The report, which is published in association with Davy, predicts house prices will rise by 8% overall in 2018 - split between double digit growth outside the capital and a rise of 6% or 7% in Dublin.

While asking prices fell back by 1% nationally in the last quarter and 0.4% in Dublin, it says 2017 was a year of "robust inflation", with prices rising by 10.2% nationally and 11.1% in Dublin.

The average asking price for new sales nationally was €242,000 in the final quarter.

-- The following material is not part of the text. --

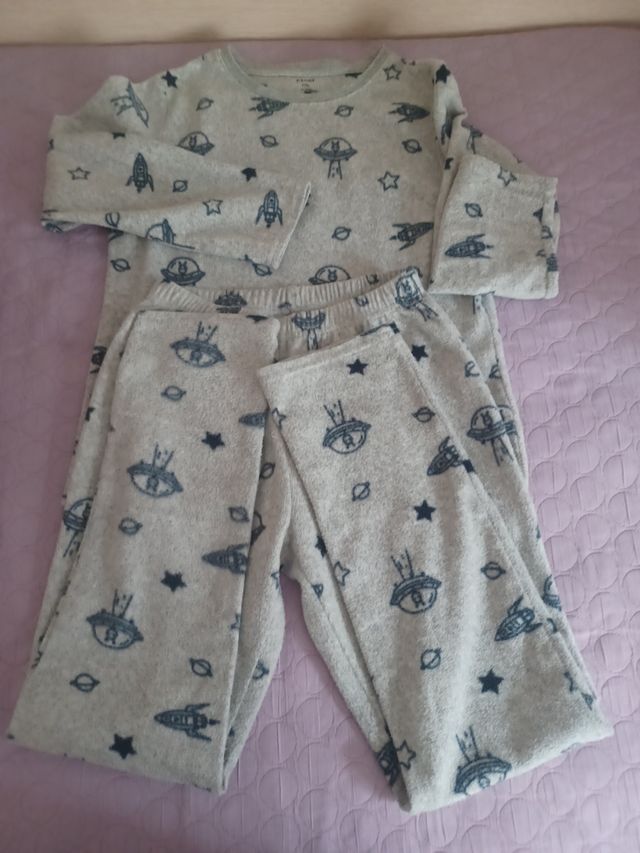 Pijama niño 10 años - espacial
135-143 centímetros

In Dublin, the median price was €330,000 compared with €195,000 in the rest of Ireland.

 

Source: MyHome.ie

Report author and chief economist at Davy, Conall MacCoille, said tighter Central Bank rules should slow house price inflation in Dublin.

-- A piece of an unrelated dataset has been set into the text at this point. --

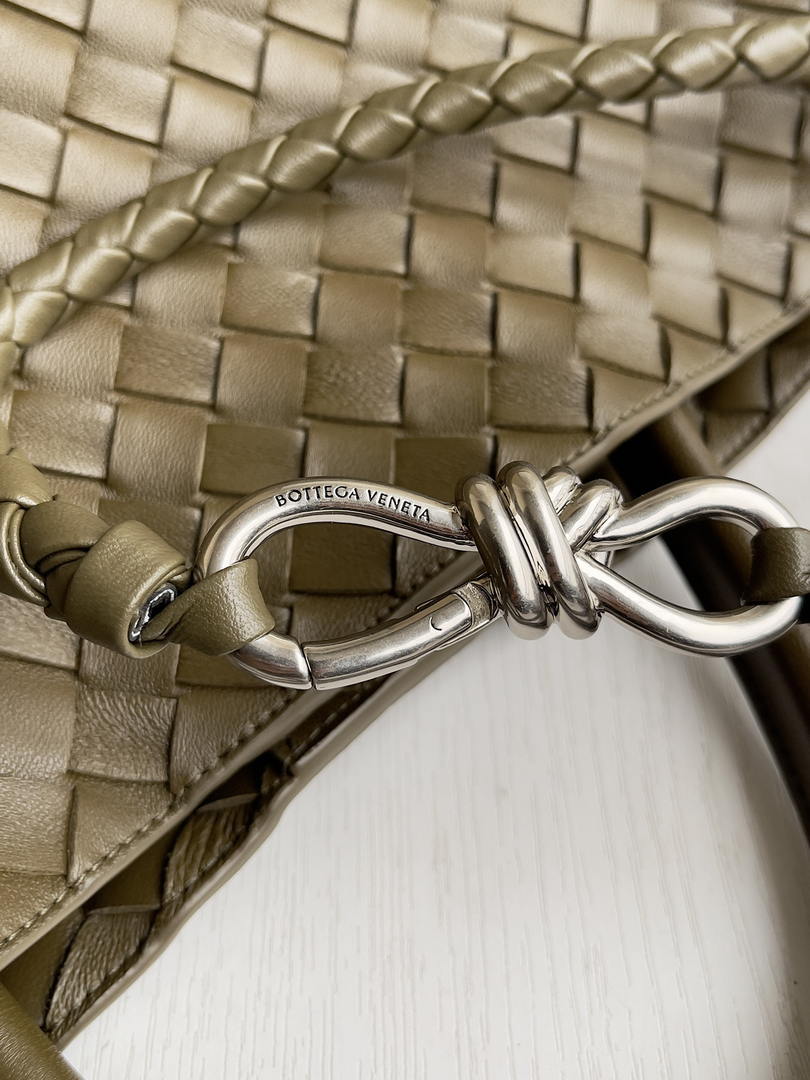 Bottega Veneta BV 766019 Large Andiamo bag BV9903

"Asking prices have fallen in the final quarter of each of the last five years before bouncing back in the spring and we see that pattern continuing in 2018.

"However due to the Central Bank tightening its mortgage lending rules we believe house price inflation in more expensive areas, like Dublin, will slow somewhat to around 6 or 7%.

"Homebuyers in Dublin have been taking out higher levels of mortgage debt, but with the availability of credit constrained, further price increases will also be curtailed slightly in 2018.

"However double-digit price gains are likely to continue outside the capital where the recovery began later, prices are cheaper and there is still scope for leverage on mortgage lending to rise."

Source: MyHome.ie

"Looking forward to 2018 rising house prices have now dragged all but 9% of owner-occupiers out of negative equity, a stark improvement from the 36% at end-2012.

"With greater equity in their homes, more Irish households will seek to move home, helping housing market activity".

At the end of the year the number of properties listed for sale had fallen to just 18,900.

This is a fresh record low, down 9.4% on the year - representing less than 1% of the housing stock.

While the average time to sale agreed was just 3.8 months nationally and 2.8 months in Dublin.